LaDonna Brave Bull Allard, Ruth Buffalo, Deb Haaland, Andrea Carmen
Emil Benjamin, Brandon Jackson
Nominated for the Local Heroes competition at the Cleveland International Film Festival, Emil Benjamin and Brandon Jackson's feature doc Oyate is an engaging, thought-provoking film largely centered around the #NoDAPL Movement protesting the Dakota Access Pipeline and, in a broader sense, working to preserve Indigenous rights and to ultimately protect the centuries of injustices inflicted upon Indigenous peoples.
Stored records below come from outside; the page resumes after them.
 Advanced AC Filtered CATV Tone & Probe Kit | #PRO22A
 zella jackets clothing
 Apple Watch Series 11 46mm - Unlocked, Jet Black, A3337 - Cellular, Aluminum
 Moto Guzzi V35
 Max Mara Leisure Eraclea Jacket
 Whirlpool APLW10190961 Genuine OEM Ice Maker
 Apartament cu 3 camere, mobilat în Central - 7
Benjamin and Jackson undertake the ambitious task of making accessible the many injustices to America's Indigenous people throughout history. From well documented incidents of genocide to broken treaties and stolen lands, Oyate works to tie together these events and to document how they ultimately tie into the 2016 Standing Rock protests where, once again, a treaty was broken and profit over people was the rule. Yet, in some ways there was something different about the #NoDAPL Movement, a movement that attracted national media attention and a surprising amount of non-Indigenous support. Key voices included in Oyate include the late LaDonna Brave Bull Allard, Ruth Buffalo, Chase Iron Eyes, and current Secretary of the Interior under President Biden Deb Haaland. Oyate weaves together a wealth of archival footage alongside news footage and interviews to craft a comprehensive glimpse inside the injustices experienced by Indigenous peoples. While it's arguable that Benjamin and Jackson attempt to accomplish a bit too much here, it's nearly impossible to argue with the film's lofty ambitions and relentless passion. A good majority of the film is actually centered around the Dakota Access Pipeline protests and, in particular, the transition from what had been a fragile but peaceful protect to one in which the betrayal, brutality, and just plain lies by law enforcement are all well documented by both news accounts and numerous videos.
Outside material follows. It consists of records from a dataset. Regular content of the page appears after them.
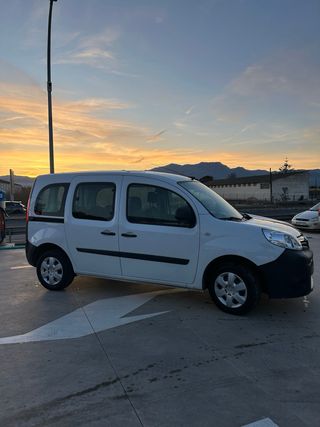 Renault Kangoo 2019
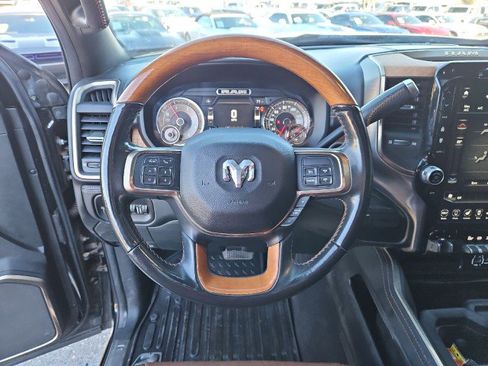 Used 2021 RAM 3500 Limited image 13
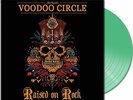 Voodoo Circle : Raised On Rock VINYL 12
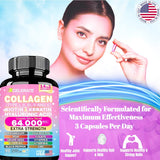 NeuVelleNutrition tapa y sellado del envase que garantiza frescura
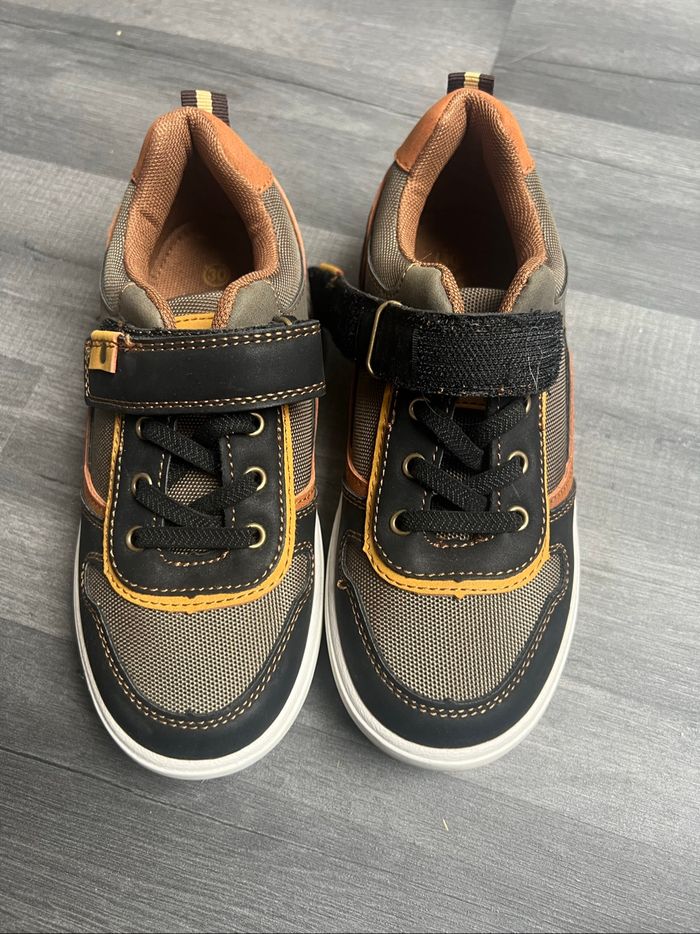 Chaussure garçon - photo numéro 2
Oyate really comes into its own in its latter half as complexity of the early material gives way to focused messages and a deeper understanding of how Indigenous history informs the contemporary movement. The stark contrast of law enforcement bearing down like a military unit upon a peaceful gathering is one I knew about but one I've seldom seen captured as well as it's captured here. While Oyate accomplishes much here, perhaps more than anything Benjamin and Jackson capture how everything that unfolds here is interconnected and, perhaps, how even a hard-fought victory with the Dakota Access Pipeline may well have been inspired less by a concern about the Indigenous people and more by media images of those, including America's vets, who supported them.
Early in its festival run, Oyate is a vital and necessary documentary about a subject many Americans have only learned about in bits and pieces and a subject that, you guessed it, has most certainly been whitewashed.